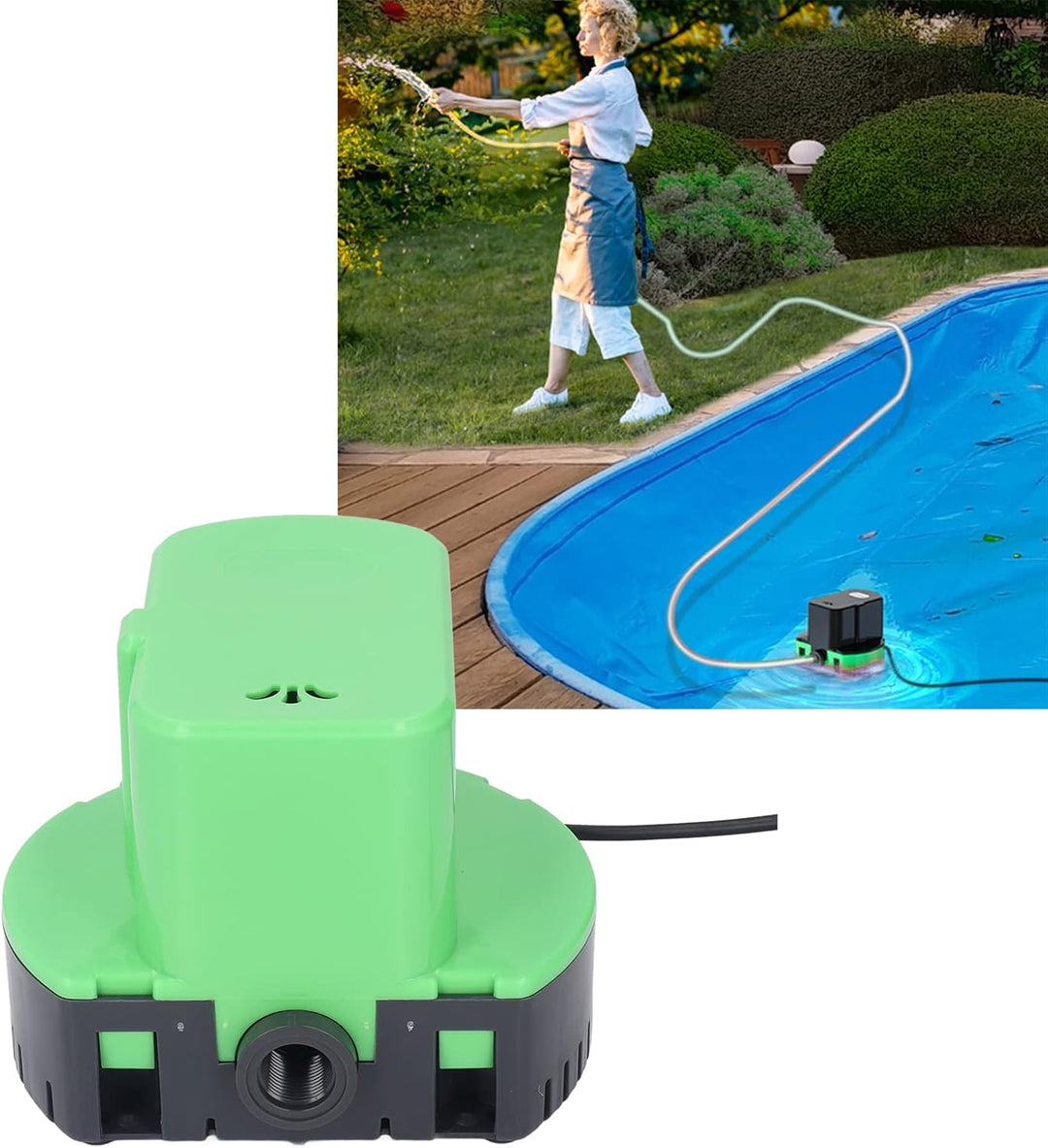 Poolabdeckungsentschlucker 1200 GPH LeisesDesign 16 Fuss Automatische Entwässerungspumpe mit Schlauc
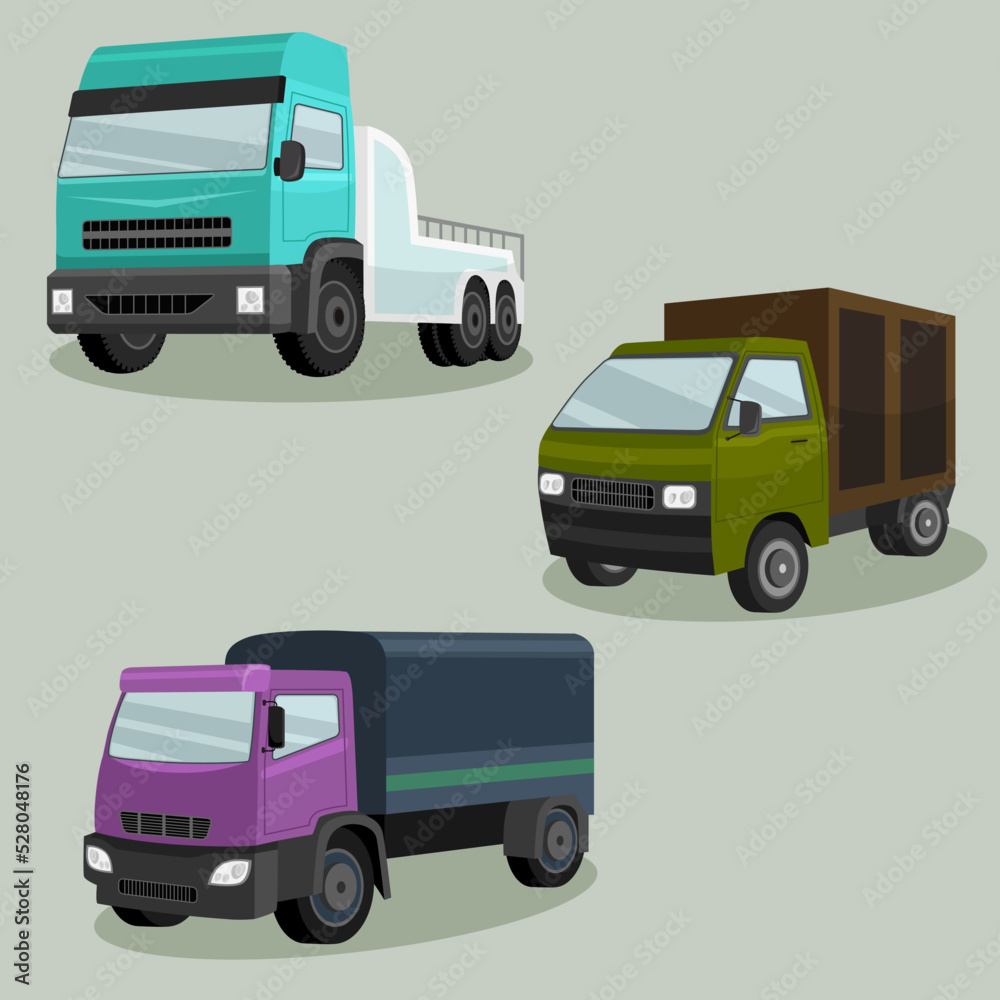 Fototapeta premium set of trucks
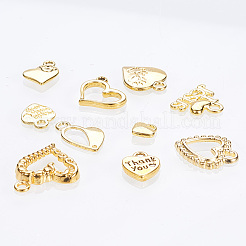 チベットスタイルの合金のチャームとペンダント  ハート  黄金＆黄金のアンティーク  13.5x7x3cm  150個/箱&nbsp;TIBEP-PH0005-03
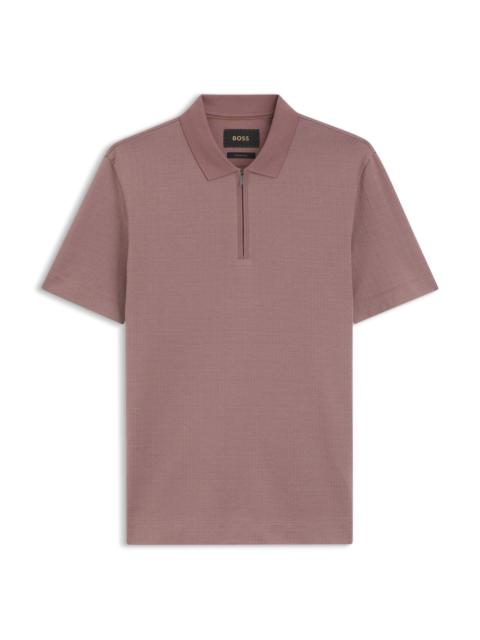 BOSS ZIPPER-NECK POLO SHIRT IN A COTTON-SILK BLEND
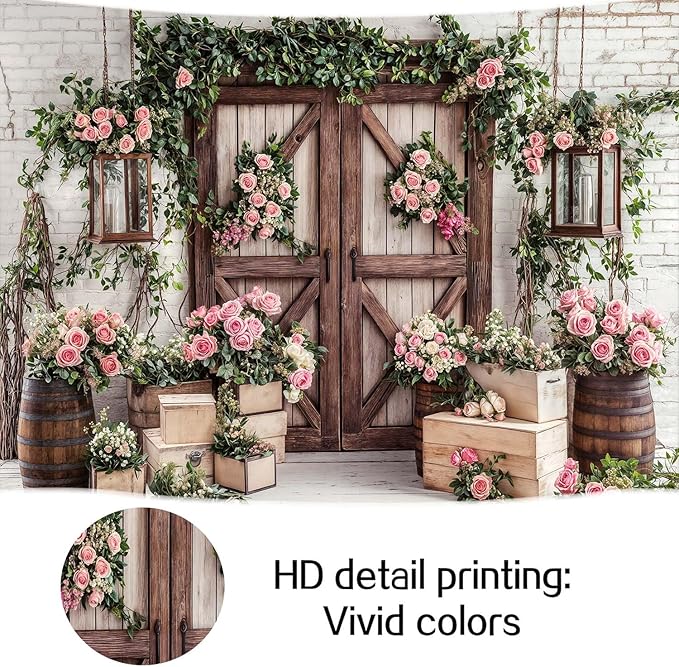 9x6ft Country Wedding Photography Backdrop Floral Rustic Roses Farmhouse Wooden Door Backdrop Pink Flower Birthday Baby Shower Wedding Bridal Party Banner Photo Booth Props Anniversary Background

====================

§ Exercise description:
Copy everything in the records above except the pictures, exactly as written.

§ Answer to this task:
 Poolabdeckungsentschlucker 1200 GPH LeisesDesign 16 Fuss Automatische Entwässerungspumpe mit Schlauc
 Fototapeta premium set of trucks
 チベットスタイルの合金のチャームとペンダント  ハート  黄金＆黄金のアンティーク  13.5x7x3cm  150個/箱&nbsp;TIBEP-PH0005-03
 BOSS ZIPPER-NECK POLO SHIRT IN A COTTON-SILK BLEND
 9x6ft Country Wedding Photography Backdrop Floral Rustic Roses Farmhouse Wooden Door Backdrop Pink Flower Birthday Baby Shower Wedding Bridal Party Banner Photo Booth Props Anniversary Background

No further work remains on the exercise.